For the visual detection of organophosphorus pesticides (Ops), a biosensor based on aptamer-mediated bimetallic organic skeleton nano-polymer was developed. Based on pyrolysis reaction, Fe-Co MNPs and Fe-N-C nano-enzyme were prepared and labeled with broad-spectrum aptamers and complementary chains of Ops respectively. In the presence of target pesticides, they compete with the complementary chains of nucleic acid aptamers on Fe-Co MNPs, resulting in a large number of Fe-N-C nano-enzyme signal markers being released into the supernatant. In order to complete the visual detection of Ops. It has good stability and specificity for phorate, profenofos, isocarbophos and omethoate. The LOD of the four pesticides are 0.16, 0.16, 0.03 and 1.6 ng/mL respectively, and the recovery rate of Ops in vegetable samples is satisfactory, reaching as high as 89.19%–108.35%, with a relative standard deviation (RSD) of less than 11.31%. (Shen et al., 2022).

2.2 Different types of biosensors

2.2.1 Electrochemical adaptive sensor

In recent years, electrochemical sensors based on aptamers have exhibited promising development prospects in the field of biosensors. These sensors offer several advantages, including multiplex analysis, rapid response, high sensitivity, specificity, and cost-effectiveness. The construction of an electrochemical aptamer-based sensor primarily involves three key processes: signal amplification, selection of analytical methods, and strategy determination (Dauphin-Ducharme et al., 2019).

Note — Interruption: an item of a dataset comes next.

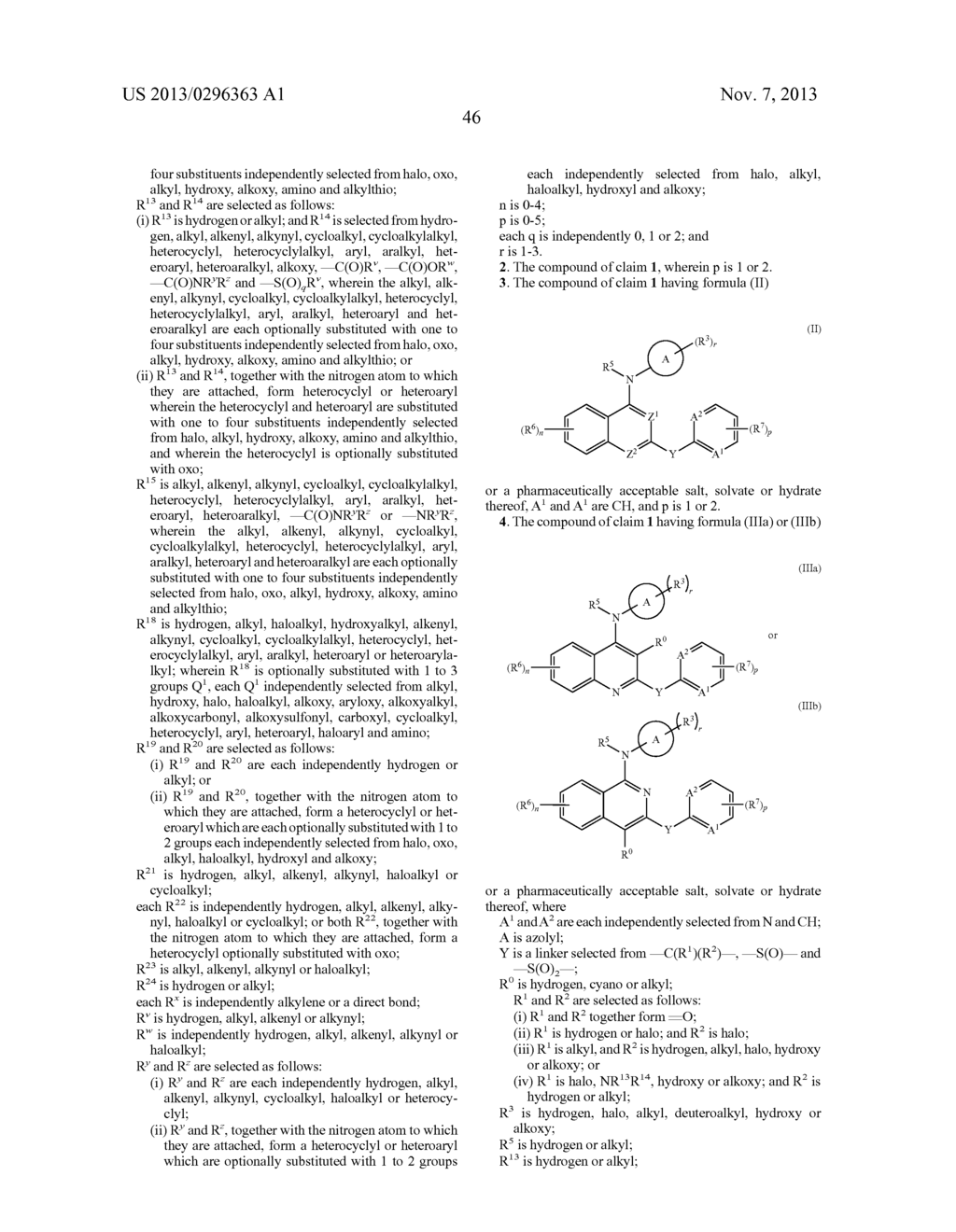 QUINOLINE AND ISOQUINOLINE DERIVATIVES FOR USE AS JAK MODULATORS - diagram, schematic, and image 47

The strategy employed in electrochemical sensors relies on measuring the electrical signals generated at the interface between the sensing electrode and the target analyte, such as potential, current, and charge. Typically, an electrochemical cell consists of three essential components: the counter electrode (CE), the WE, and the reference electrode (RE) (García-Miranda Ferrari et al., 2020). Voltammetry, for instance, employs a reference electrode, such as the Ag/AgCl electrode, whose voltage changes over time. By simultaneously measuring the current response at the WE and CE, the voltammetry technique enables the detection and quantification of target analytes (Usmani et al., 2021). This detection principle is based on the movement of electrons produced during oxidation-reduction reactions (Teymourian et al., 2020). The three-electrode system can be conveniently integrated onto a single substrate, allowing for the construction of simple biosensors and facilitating micro-detection (Kaushik et al., 2020).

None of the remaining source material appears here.